## Intro
Let us load and work with some datasets from the HuggingFace Hub.

In [11]:
!pip install datasets

from datasets import load_dataset

raw_datasets = load_dataset("glue", "mrpc")
raw_datasets



DatasetDict({
    train: Dataset({
        features: ['sentence1', 'sentence2', 'label', 'idx'],
        num_rows: 3668
    })
    validation: Dataset({
        features: ['sentence1', 'sentence2', 'label', 'idx'],
        num_rows: 408
    })
    test: Dataset({
        features: ['sentence1', 'sentence2', 'label', 'idx'],
        num_rows: 1725
    })
})

Now let us predict the same examples:

In [12]:
raw_datasets["train"][15]

{'sentence1': 'Rudder was most recently senior vice president for the Developer & Platform Evangelism Business .',
 'sentence2': 'Senior Vice President Eric Rudder , formerly head of the Developer and Platform Evangelism unit , will lead the new entity .',
 'label': 0,
 'idx': 16}

In [13]:
raw_datasets["validation"][87]

{'sentence1': 'However , EPA officials would not confirm the 20 percent figure .',
 'sentence2': 'Only in the past few weeks have officials settled on the 20 percent figure .',
 'label': 0,
 'idx': 812}

In [14]:
raw_datasets["test"][59]

{'sentence1': 'Another body was pulled from the water on Thursday and two seen floating down the river could not be retrieved due to the strong currents , local reporters said .',
 'sentence2': 'Two more bodies were seen floating down the river on Thursday , but could not be retrieved due to the strong currents , local reporters said .',
 'label': 1,
 'idx': 59}

### Tokenize

To tokenize the entire dataset we could do the folloiwng:

In [15]:
# Tokenize
from transformers import AutoTokenizer

checkpoint = "bert-base-uncased"
tokenizer = AutoTokenizer.from_pretrained(checkpoint)
tokenized_sentences_1 = tokenizer(raw_datasets["train"]["sentence1"])
tokenized_sentences_2 = tokenizer(raw_datasets["train"]["sentence2"])

In [16]:
# More general tokenization
tokenized_dataset = tokenizer(
    raw_datasets["train"]["sentence1"],
    raw_datasets["train"]["sentence2"],
    padding=True,
    truncation=True,
)

However, this is **slow**, since it does not use batching and tokenization is done a sentence at a time. To fix this, we can use the `.map` function which allows for batching when tokenizing. To use `.map`, we need to write a function that determines how the tokenization is supposed to be done.

In [17]:
def tokenize_function(example):
    return tokenizer(example["sentence1"], example["sentence2"], truncation=True)

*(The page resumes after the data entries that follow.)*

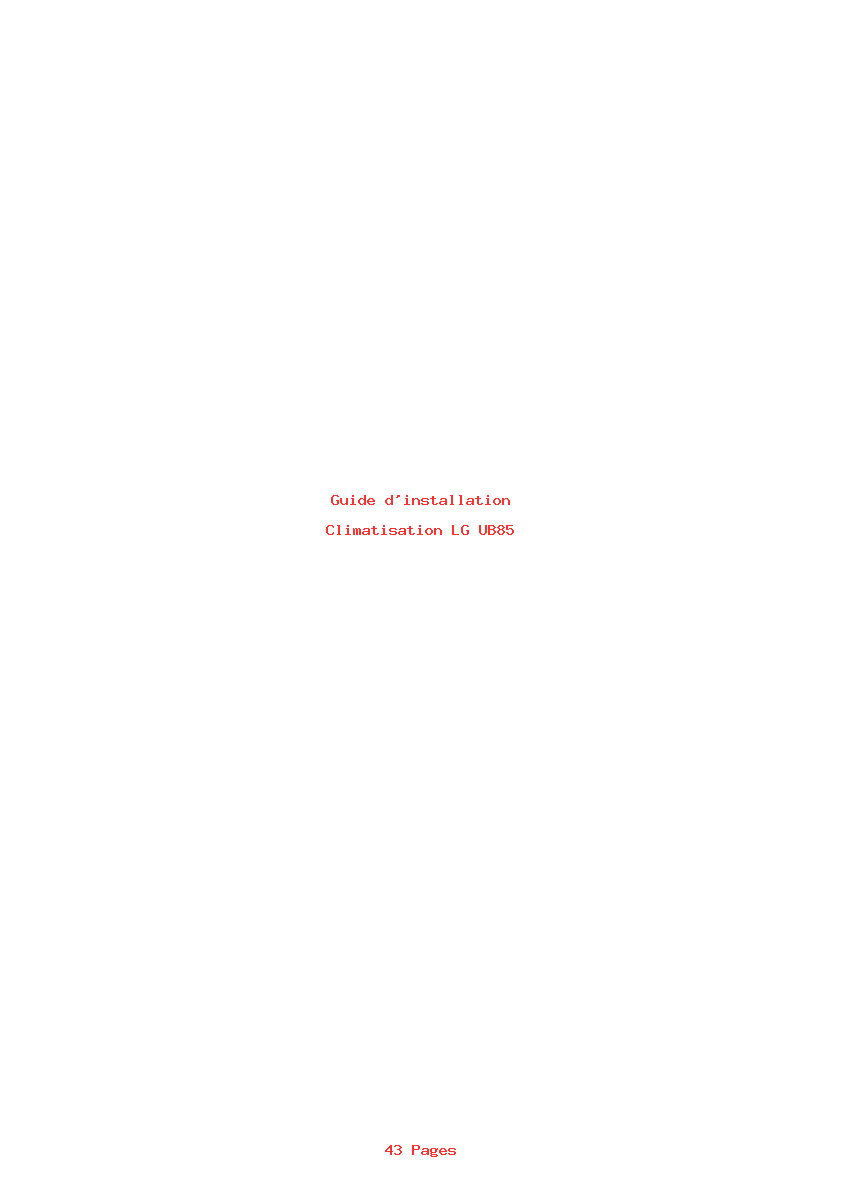 Page 1 de la notice Guide d'installation LG UB85
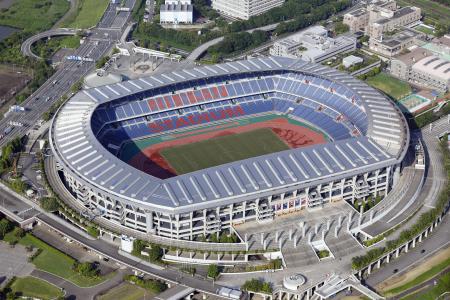 日産スタジアム＝２０２４年７月、横浜市港北区（共同通信社ヘリから）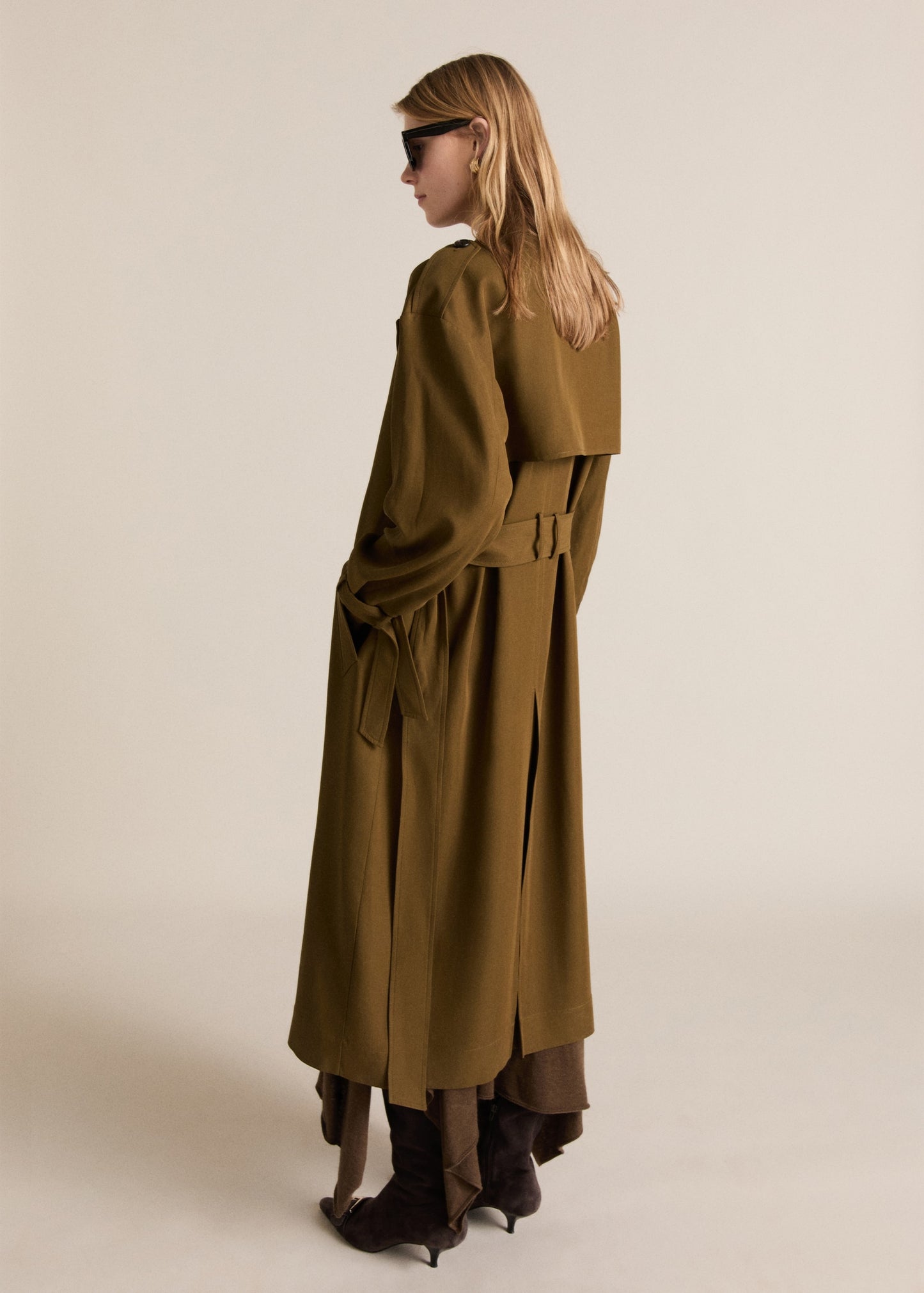 Oversized long lyocell trench coat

tokenized_datasets = raw_datasets.map(tokenize_function, batched=True)
tokenized_datasets

Map:   0%|          | 0/3668 [00:00<?, ? examples/s]

Map:   0%|          | 0/408 [00:00<?, ? examples/s]

Map:   0%|          | 0/1725 [00:00<?, ? examples/s]

DatasetDict({
    train: Dataset({
        features: ['sentence1', 'sentence2', 'label', 'idx', 'input_ids', 'token_type_ids', 'attention_mask'],
        num_rows: 3668
    })
    validation: Dataset({
        features: ['sentence1', 'sentence2', 'label', 'idx', 'input_ids', 'token_type_ids', 'attention_mask'],
        num_rows: 408
    })
    test: Dataset({
        features: ['sentence1', 'sentence2', 'label', 'idx', 'input_ids', 'token_type_ids', 'attention_mask'],
        num_rows: 1725
    })
})

+ Our tokenize_function returns a dictionary with the keys input_ids, attention_mask, and token_type_ids, so those three fields are added to all splits of our dataset.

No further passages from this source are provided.